Student research at Kanyawara

Alex (right) is holding the laser apparatus while Nick (left) is snapping the photo.

This summer, the Kibale Chimpanzee Project welcomed a number of student researchers, including Nick Brazeau and Alex Smith from Harvard University. Nick, a rising senior, is working on his senior thesis project by collecting body size estimates of the Kanyawara chimpanzees. Alex, a rising junior, is his tireless research assistant. It is difficult to measure body sizes of wild chimpanzees, because researchers can’t easily convince them to climb onto scales. Instead we employ non-invasive methods like photogrammetry. Nick has assembled an apparatus that contains two laser beams mounted in parallel at a set distance of 5 cm. The laser apparatus is attached to a camera, and the projected beams provide a size reference in the photograph.
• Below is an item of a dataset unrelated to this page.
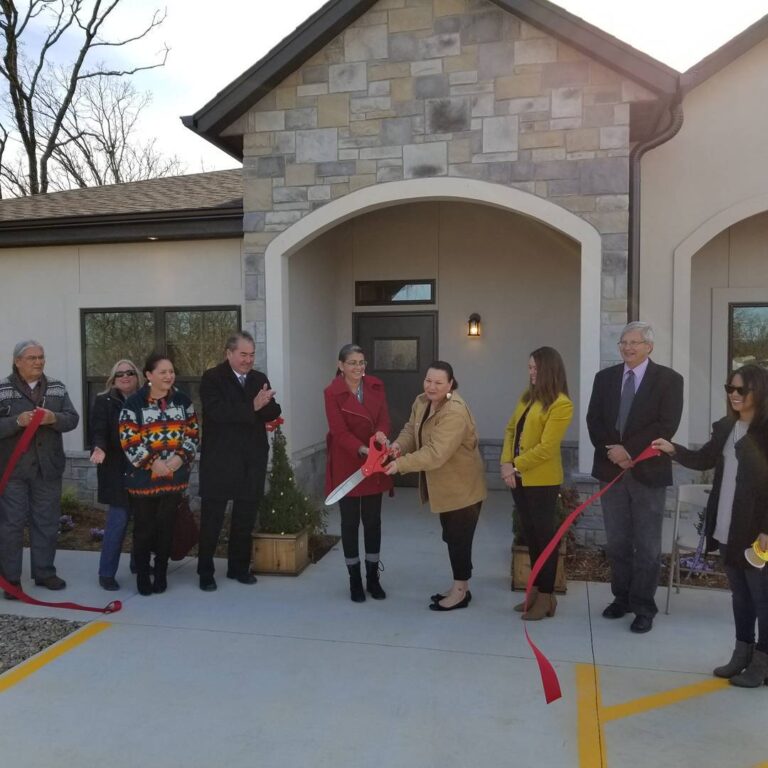 New Osage Nation domestic violence shelter and PRT facilities now open
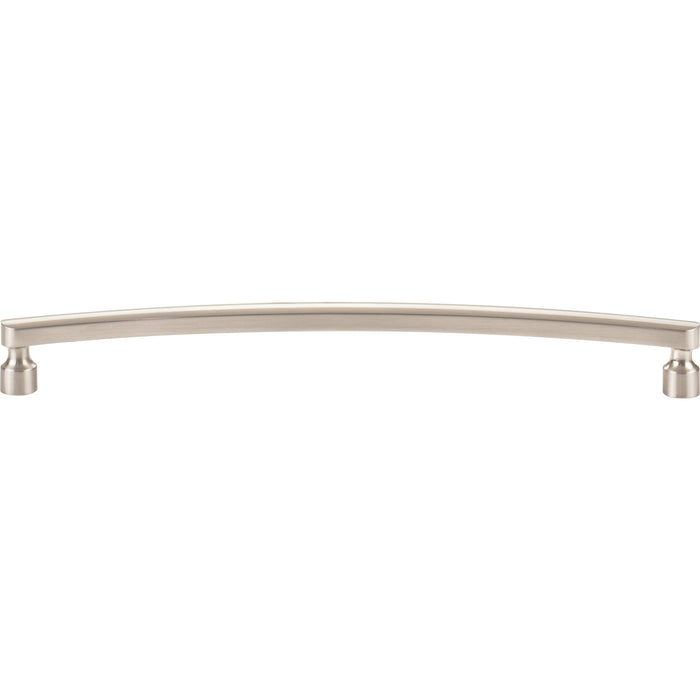 Atlas Homewares A684-BRN Lennox 8 13/16in Center to Center Bar Pull Brushed Nickel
The lasers show up as green dots on the chimps bodies and are exactly 5cm apart. This method allows us to get estimates of body length like the one here of Big Brown.

For each chimpanzee, Nick and Alex measure multiple body parts, including the forelimbs, hindlimbs, trunk, back, skull, and testes. These measurements will be compared to body size estimates of chimpanzees using multiple methods, including a comparison with captive chimpanzees of known weights. Such data will be valuable in answering questions about growth, life history, the relationship between body size and dominance, and the costs of locomotion.